While private healthcare insurance plays an important part in the bigger scheme of things, fixing it alone won’t make healthcare financing sustainable. This is important to note, in case anyone gets delusions of importance or grandeur with regard to private healthcare insurance. We are actually not as dependent on private healthcare insurance as many other developed countries.

Secondly, there are four big stakeholders in the private healthcare insurance space:

  • Patients
  • Government
  • Providers (including doctors)
  • Private Healthcare Insurance Companies (especially IP providers)

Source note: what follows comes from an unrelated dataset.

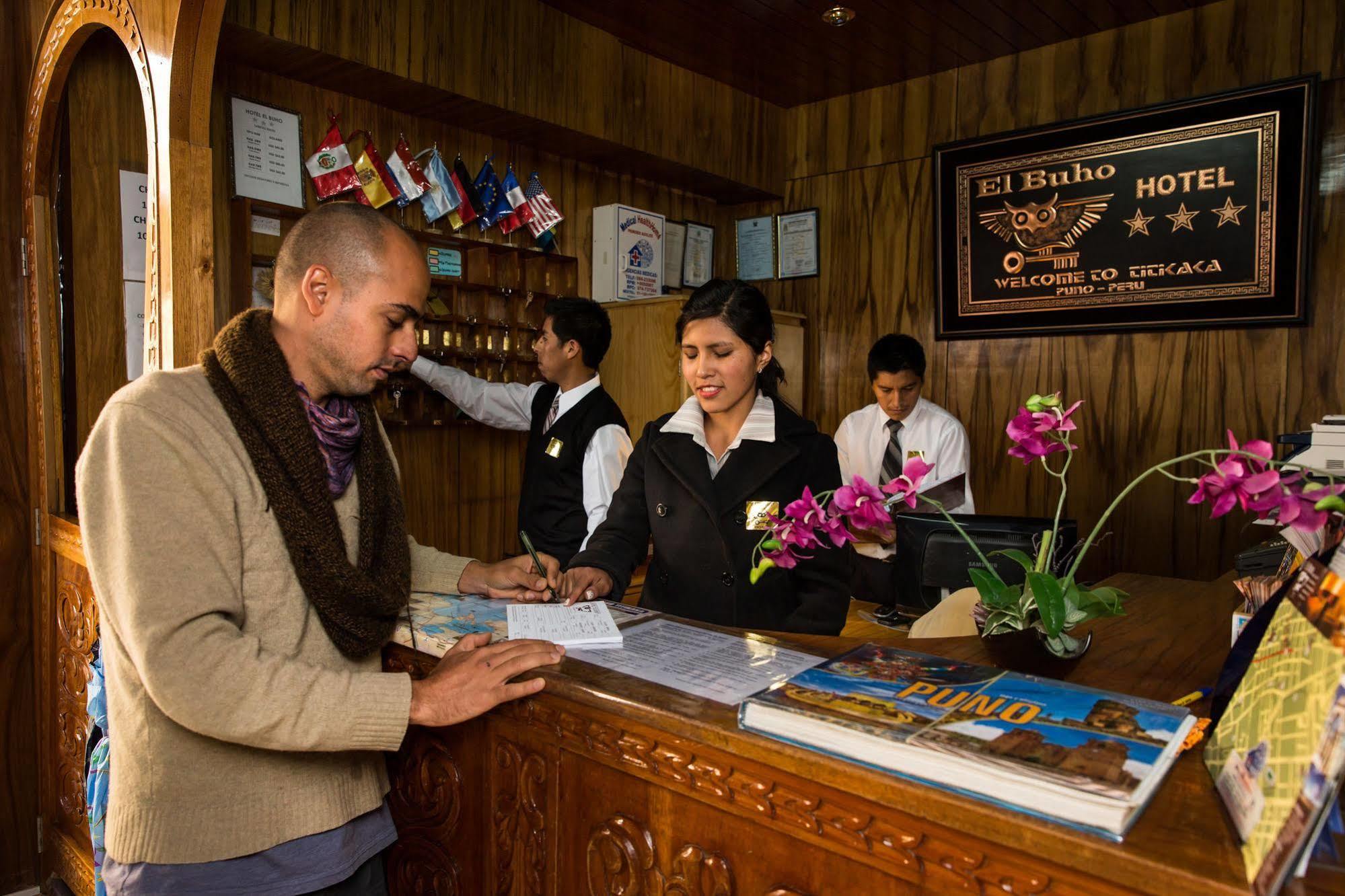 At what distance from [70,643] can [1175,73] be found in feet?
16.1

The patient is at the centre of it all. Who does he trust most? In Singapore’s context, it is probably the government, often seen as a fair (albeit stern) arbiter of various stakeholders’ interests

Who does the patient trust more, after the government? I think if you were to poll many patients and ask them to choose between doctors and private insurance providers, most of them will choose doctors.

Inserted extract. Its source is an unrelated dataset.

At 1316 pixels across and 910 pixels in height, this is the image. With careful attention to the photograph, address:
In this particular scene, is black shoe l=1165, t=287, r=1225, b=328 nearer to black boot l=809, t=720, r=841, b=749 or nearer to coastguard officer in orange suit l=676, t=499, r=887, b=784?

This hobbit’s hunch is that generally speaking, the public trust private insurance companies less than the government or the medical profession.

And of course, doctors trust the insurance industry even less.

Life is tough when you have a deficit of trust from both patients and doctors. I don’t know how much the government trusts the insurance companies, so I won’t comment on this aspect.

What can the insurance companies do to improve the situation? The answer is in what Dr Ong went to at length in the second part of his column: transparency


He mentioned about the need for cost transparency, transparency on quality and clinical outcomes. This hobbit would like to suggest a few more areas in which we can have much more transparency:

  • Can the insurance companies be transparent about the criteria by which doctors are empanelled? And why some doctors cannot be empanelled? No one now knows how insurance companies select doctors to be empanelled.
  • If we extract price savings from doctors, how much of these savings will be passed onto as savings on premiums of insurance policyholders by the insurance companies? How many cents for the dollar? Some listed companies have a dividend policy, promising X% of their profits will go to paying out dividends to shareholders. Can IP providers make such a commitment? If so, doctors may be encouraged to cut fees  to ease the policyholder’s burden.
  • Can we be transparent on what is reimbursable and what is not and publish these online, so that not just doctors, but policyholders can also see clearly for themselves?
  • Can we also be transparent on doctors’ reimbursement rates to policyholders? As a policyholder holder myself, I would like to select my IP provider based on several factors. One of which must be how the IP provider pays the doctors that take care of me. I might want to choose the IP provider that pays the doctor the most, or the least. That choice should be for me to make as a consumer or patient. But this information is now not available to the public.
  • How many doctors are empanelled in each IP provider? Will every IP provider publish this important metric? I think MOH also has a role in ensuring better transparency in this aspect. If the IP providers do not want to publish this individually, for a start, it can publish how many empanelled doctors there are in each of the IP providers. Split the data into two categories: private specialists and specialists in the restructured hospitals. It would empower the public to make an informed choice when they buy an IP Plan.

Trust and transparency. We all need them to make healthcare financing sustainable in the private sector. The private healthcare insurance sector included.